祖父の戦時中の思い出話
8月15日、今日は終戦記念日です。
祖父の戦時中の思い出話を投稿します。
祖父は幼い頃に両親を亡くし、親戚筋の大きなお家にお世話になっていました。祖父の兄、祖父、祖父の妹の3人兄妹。「親戚の家では良くしてもらった」と、祖父はその家のお墓の掃除を定期的に行い、よくお花を供えていました。
第二次世界大戦末期、祖父は飛行予科練習生となり、家を離れました。
同じ年頃の子達と共同生活。祖父はおしゃべりで人懐っこい性格だったので友達もでき、それなりに生活をしていたそうです。(もっとも戦時中なので多くの制限や食料不足、厳しい教官に監視、指示される生活ですが)
その頃、同じ部屋で毎晩泣いている子がいたそうです。(ここではA君とします)話を聞いてみると、どうやら「いいところ」(裕福なおうち)で大事に育てられたお坊ちゃまだったようで、訓練所での生活に寂しさや怖さ、家族への思いを感じ、夜になるとしくしくと泣いていたようです。そして精神的な要因からおねしょをしてしまっていたそうです。
(それはそうですよね。10代で親元を離れ、「もう2度と家に帰れないのではないか」「近いうちに死がやってくるのではないか」という思いがずっと心にある中での訓練。今自分がそうなったら?と考えても、想像が及びません。)
ある朝、同じ部屋の子達が並ばせられ、教官に怒鳴られました。
「寝しょんべん(おねしょ)をしているやつはだれだ!!」
祖父はそっとA君の様子を伺うと、顔面蒼白で少し震えていました。
誰も名乗り出ずにいた時、
「僕です」と祖父が手を挙げました。
その瞬間、「この馬鹿野郎!!」と教官におもいっきり殴られました。
きっとA君は叩かれたことなんでないだろうし、かわいそうに思ったと祖父は振り返っています。
A君のことを祖父がかばったのでした。
その出来事があってからA君は夜泣くことも、おねしょをすることもなくなったそうです。
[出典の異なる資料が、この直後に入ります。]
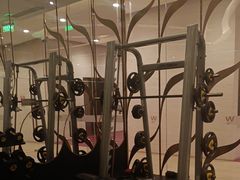 -W Fitness 威尔仕健身(北京英皇集团中心店)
そしてもちろんA君から祖父にお礼があり、仲良くなったそう。
「ひとりじゃないって気持ちになったのかもしれないね」と祖父から話を聞いた母が言いました。
戦争が終わってそれぞれの家に戻った時、A君がお母さんと一緒に祖父の家までお礼に来てくれたそうです。A君が自分の母親に祖父のことをはなし、とても嬉しかったと、ありがたかったと。丁寧にお礼をしてくれました。
A君が会いに来てくれたことは、祖父にとっても、とても嬉しかった出来事だったようです。
この話を祖父が母にしたのは、祖父が末期ガンになり、入院していた時の頃。A君と同じ苗字の看護師さんを見つけると「あなたの出身は○○(A君の家がある地域)かい?」と聞いていたそうです。
きっと祖父はA君にもう一度会いたかったのでしょう。
今もしA君がご健在ならば、85~90歳頃だと思います。
A君の氏名は母に聞けば分かるかもしれませんが、分からないかもしれません。祖父は正義感が強いとか、そういったタイプではないけれど、放っておけなかったのだと思います。
戦時中の話のなかでは少し毛色が違うものだと思いますが、ふと祖父を思い、upしました。
曖昧な点や名称等が違うこともあると思いますが、もう祖父がいないので、もう一度聞くことが出来ません。ご容赦ください。
祖父の代わりにA君とそのご家族が幸せであることを祈ります。
そして2度と戦争がおこらないよう願います。